There’s excitement flying through the Fletcher household.
As many of you know, our family is headed over to the UK this summer. It marks the international debut of my husband’s life coaching music (although he’s from the UK he’s not started practicing over there), I’ll be promoting my new book and meeting with fellow parents with a number of talks and lectures, and for our children, oh our children are restless with excitement over the adventure of their lives.
I had no idea of the impact this trip would have on our daughters. 4 years ago, after a rather nomadic life of traveling around and living on the road, we bought our run down farm as a stabilizing life for our growing children. Logically I thought it was important for them to have a permanent home where they could play, explore and build childhood memories like the ones you read of in books. And so they have. But life is ever changing and evolving and 4 years later they are ready to try a taste of adventure.
After we bought our flight tickets, our eldest daughter looked white as a ghost. I wondered whether we’d made the wrong decision, but her response was, in a whisper, “I can’t believe my dream is really coming true after all this time.” Sigh, I had to laugh to myself. Had I misjudged the situation so much?!
But, when I said restless excitement, that is actually an understatement. We have 2 months to go, and while their father and I are feeling the time tick quickly, as we make arrangements and book events, our girls are left in a state of pre-trip jitters, which feels like pre-Christmas, only 10 times worse.
“I feel unsatisfied in my present, but satisfied in my future” Our 7 year old sighed the other day. I love hearing them sum up their feelings so well.
I watch them, as they try to wrestle their anxiety to the ground. But old games wear thin when adventures are in the horizon. They get frustrated with each other, and bored in the days.

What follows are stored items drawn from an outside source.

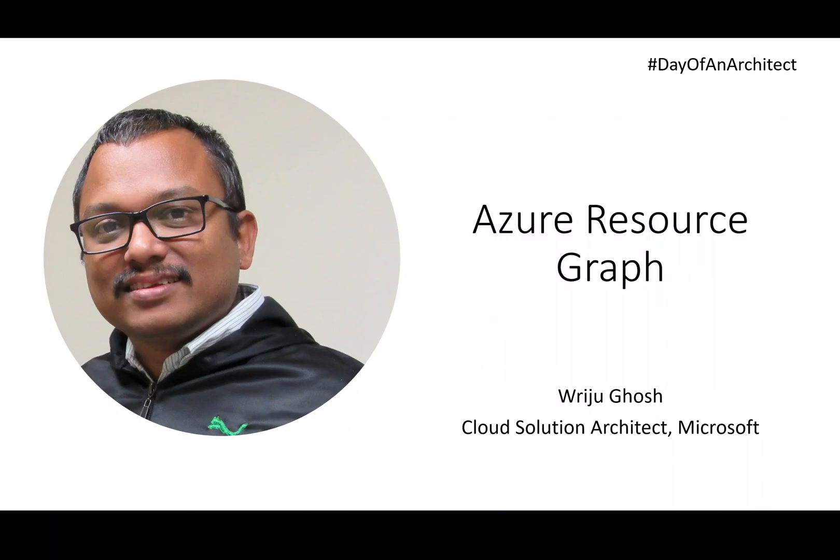Hello and welcome everyone. Today I'm going to talk about an amazing feature which Azure brings in to really look into its state of resources and how you can navigate between the resources and find the relationship without really writing too many queries.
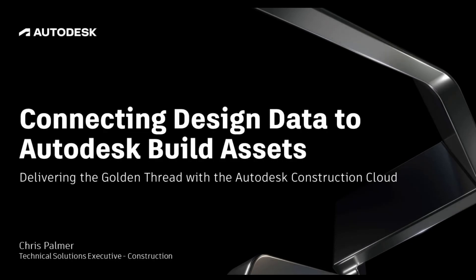In this video we will look at how we can connect our design data to the Autodesk Build Assets module in order to track, update and collect further information during the construction phase of our project.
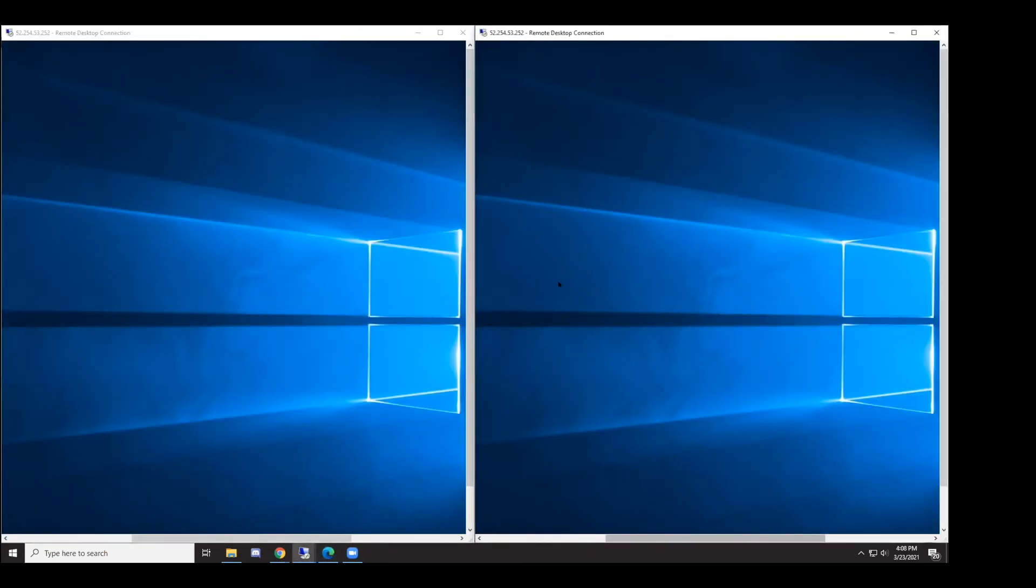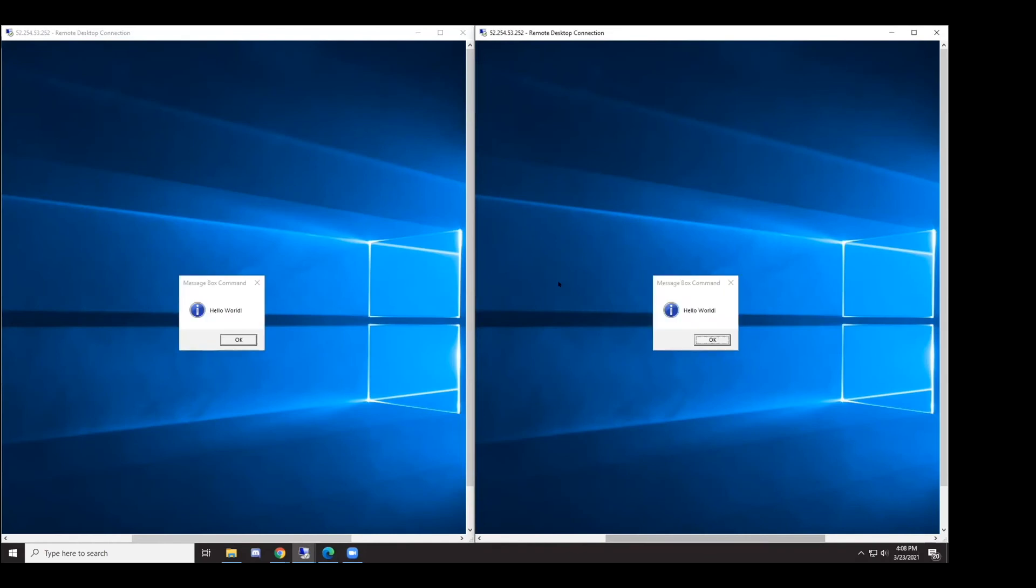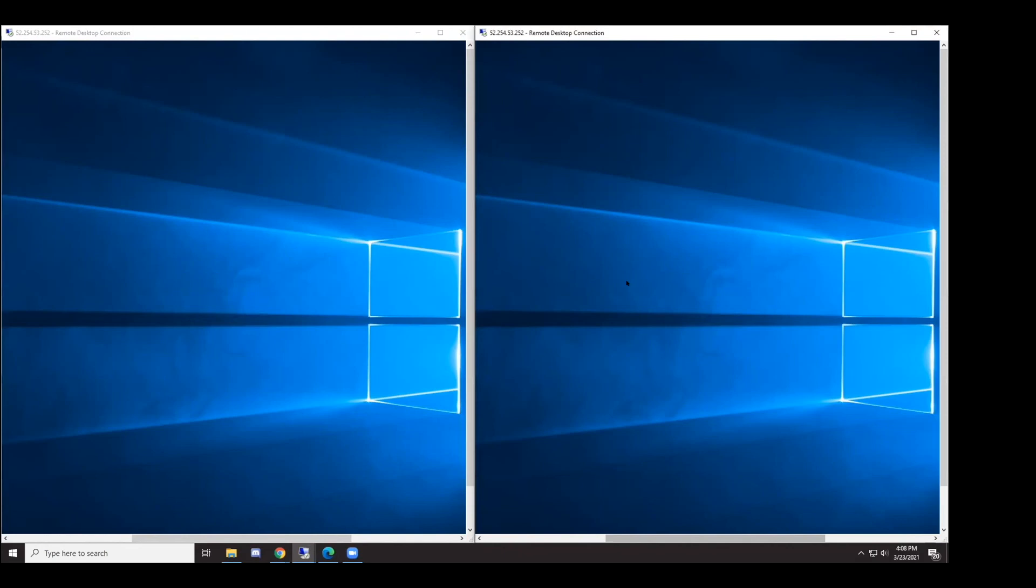You can see that we have two pop-ups operating in separate user sessions on the same machine simultaneously. If I clear these pop-ups, they will begin the second part of their automation where they will just perform some basic UI manipulation.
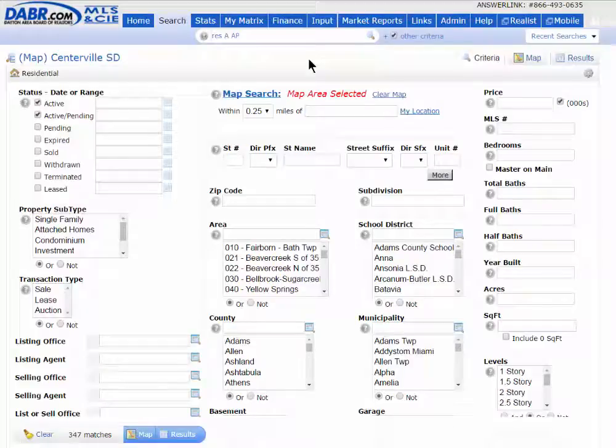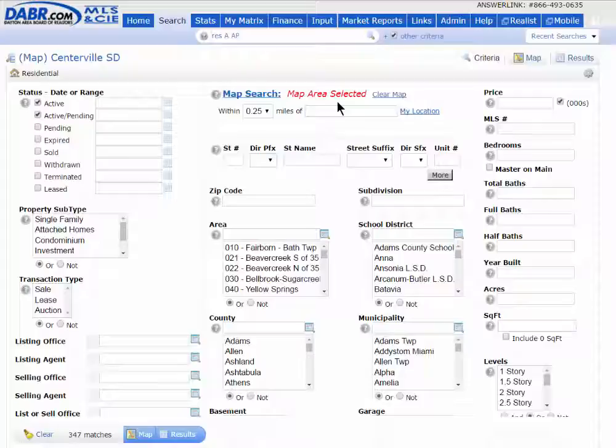This quick tip I want to show you how to effectively use the My Favorite Search widget on the home page. Let's say you do a search all the time and you don't want to have to keep typing in the same stuff or keep drawing the same map shape that you have before.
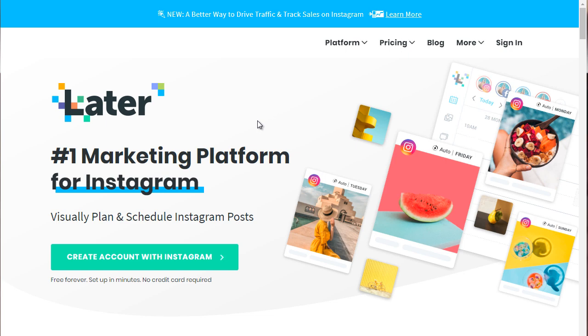All right. So those are the three tools that we recommend that you go ahead and check out. You don't have to do this. And we recommend actually that you start doing things manually. And as you get the hang of posting, then switch to auto-scheduling.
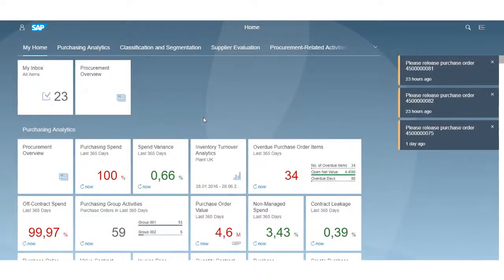I would like to give you a quick introduction to the Fiori 2.0 consumer-grade user experience with S4 HANA 1610. The Fiori launchpad, which you are seeing on the screen, is the home page and a central, role-based entry point to access all SAP applications.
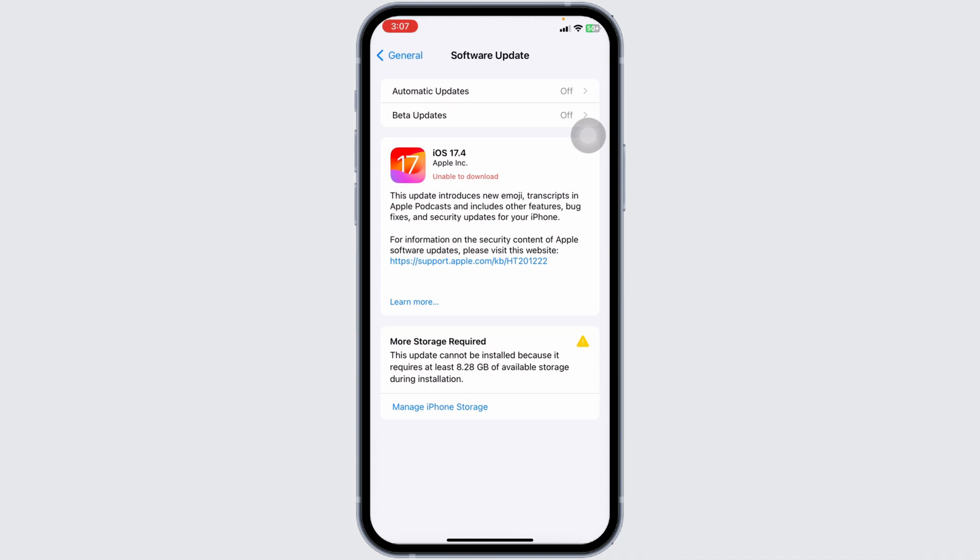Once you apply all these solutions, your problem will be fixed. This is how you can fix 'this application requires iOS 16 or later' on iPhone and iPad.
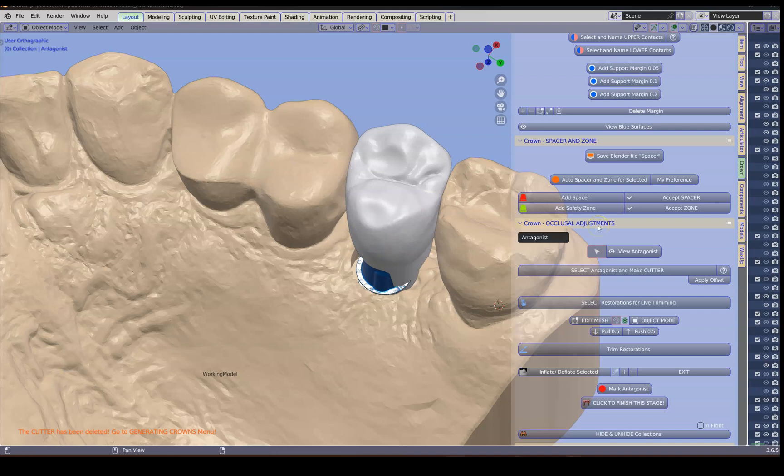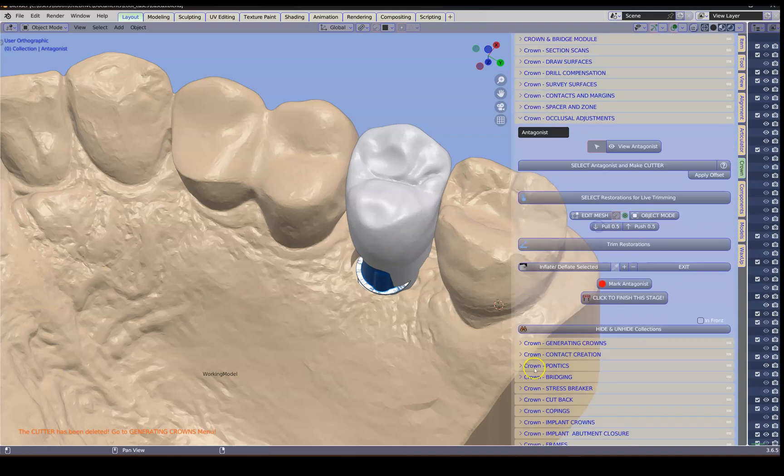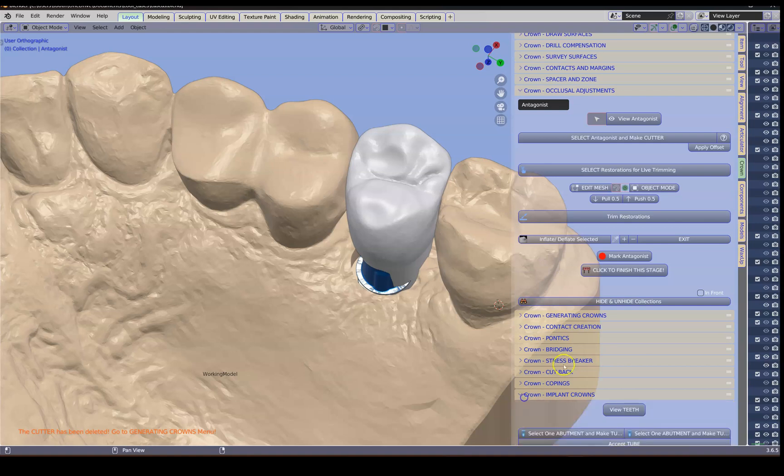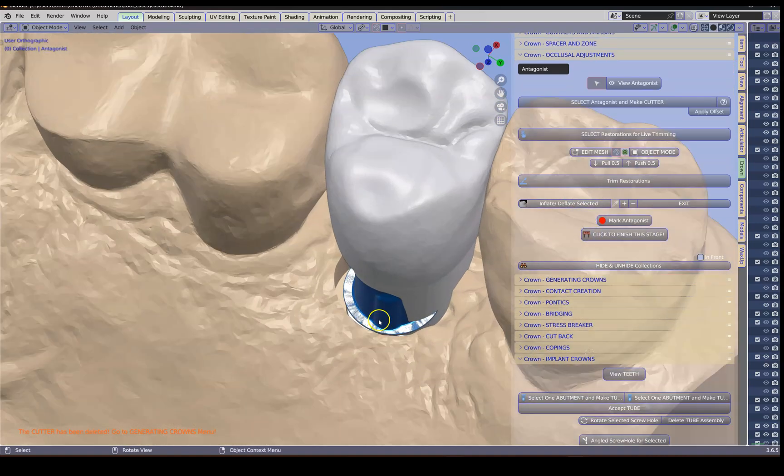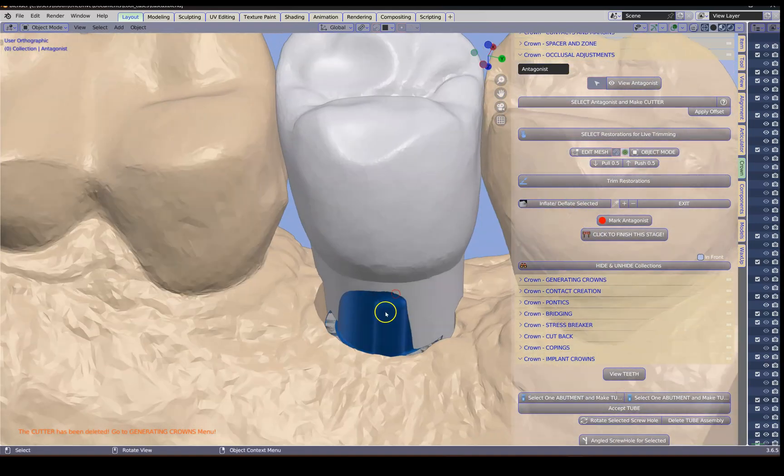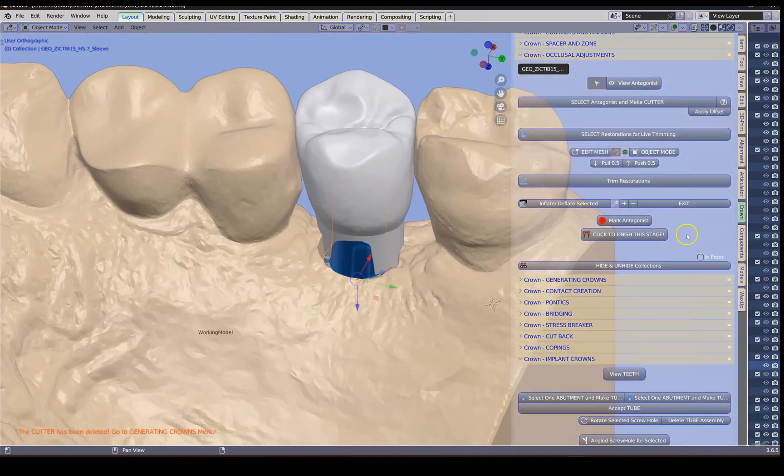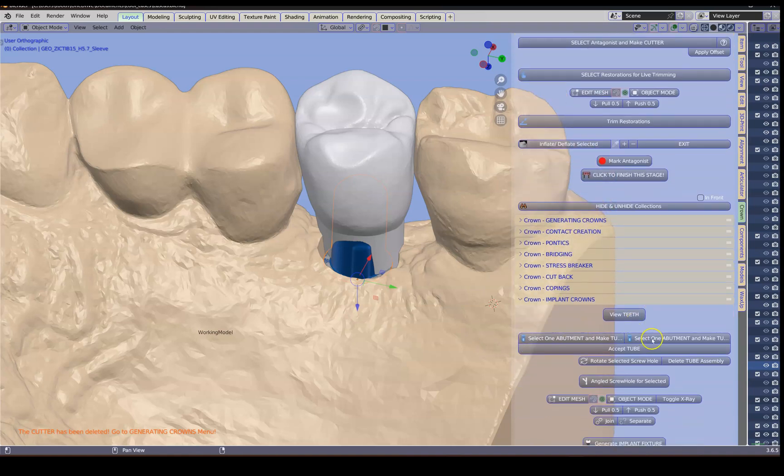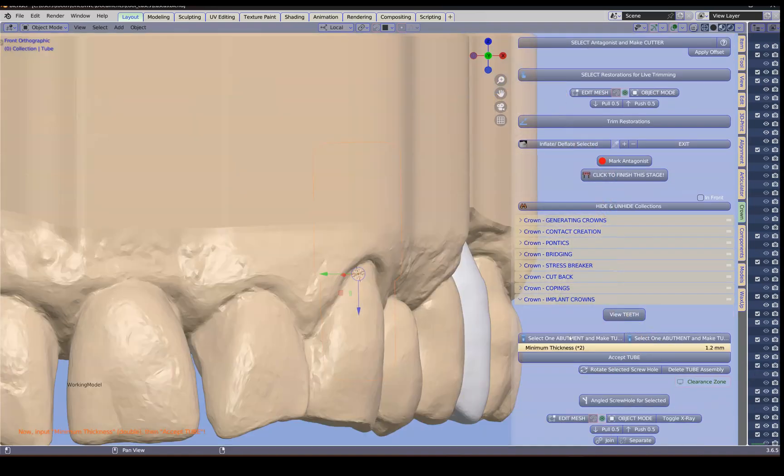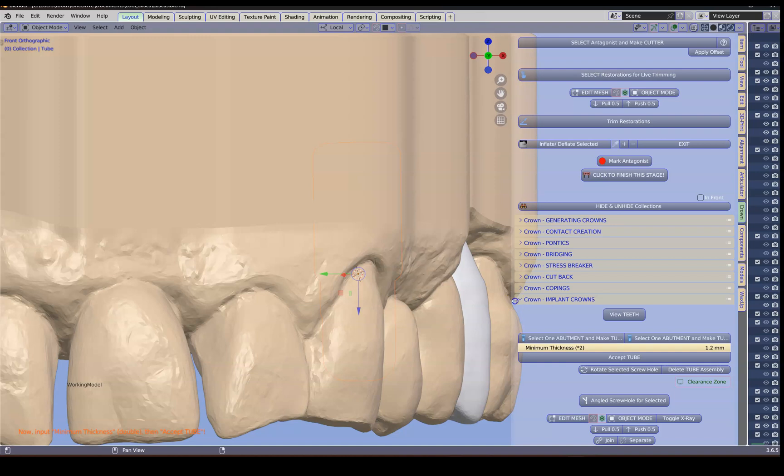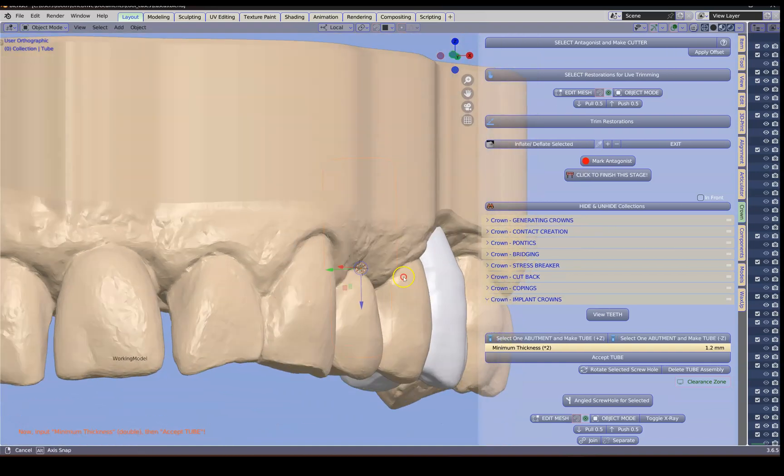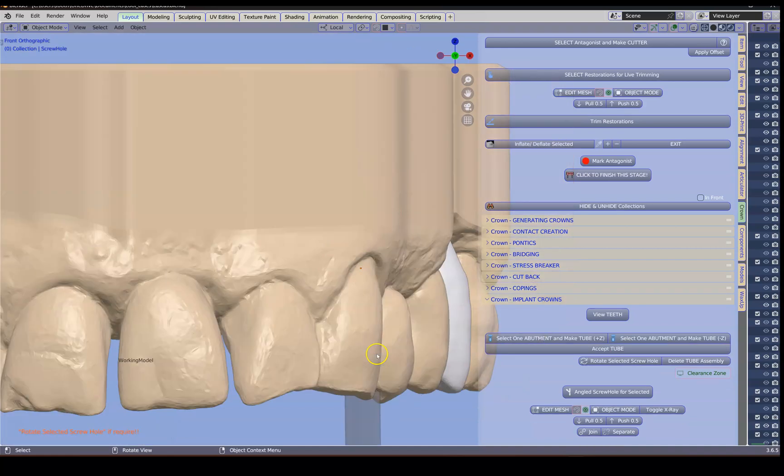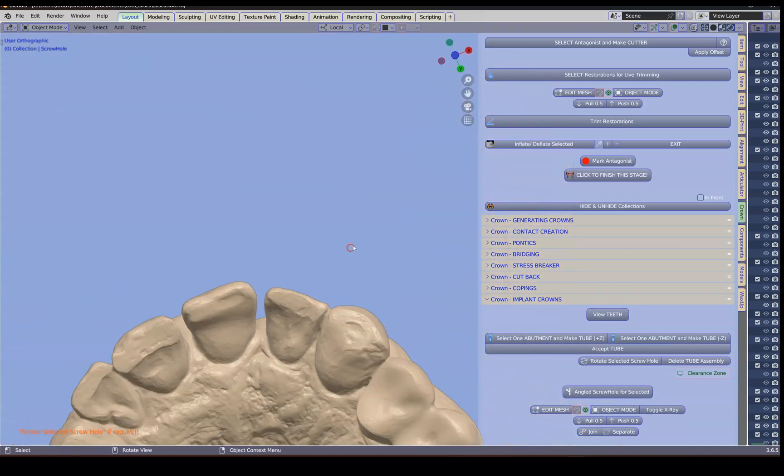Next we're going to go to the implants menu. Implant crown menu. We're going to select our interface. And then we're going to create this assembly for it. Which actually makes a tube. And it makes a cutting. A screw hole cutter.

They want to start packing, but sense its too early to start. Distraction, we tell them in key, and to create as happy of NOW as they can. But they are definitely sifting through the contrast, trying to find the thing that makes them feel better.
Some might have thought we should have waited to tell them of the journey until closer to the time. However, as a homeschooling family, we are so close all the time, we knew it would be impossible to keep anything from them. Whispering plans doesn’t work in our house, its upfront and above board all the time. I know our girls like it this way… I also know sometimes it drives them nuts.
Today, our eldest, who’s 8, finally buckled. She’s distracted herself through the day as best as she could, but in the end, I found her lying on the bed, under the covers in frustrated torment. Even her brother jumping joyfully beside her, couldn’t shake the stress she was feeling. The law of attraction being in its place as always, made everything be more frustrating then before. I sat with her, I hugged her, I told her I was there to help if she wanted help. I waited, I comforted some more and then I casted up a personal faith in the fact that at the right time, she would find the relief she needed, but that this was what she needed to feel right now.
Her sister called me for some help. She’d decided to distract herself by focusing on her “satisfying future”, and was researching some of English history online. When I went downstairs, I told my husband about our daughter’s struggle. I knew that with the deep connection they have, and have had since birth, that he could probably help better than I.
He went up, he talked to her, and a few minutes later her chatter could be heard. Soon they had some plans made, and downstairs they both skipped, our daughter ready to help make dinner and a dessert. She was back.
“A bit of distraction” my husband said, with a grin. But it was more then that. Yes distraction works, but it has to be given at the right time, in the right way, and as in this case, often by the right person.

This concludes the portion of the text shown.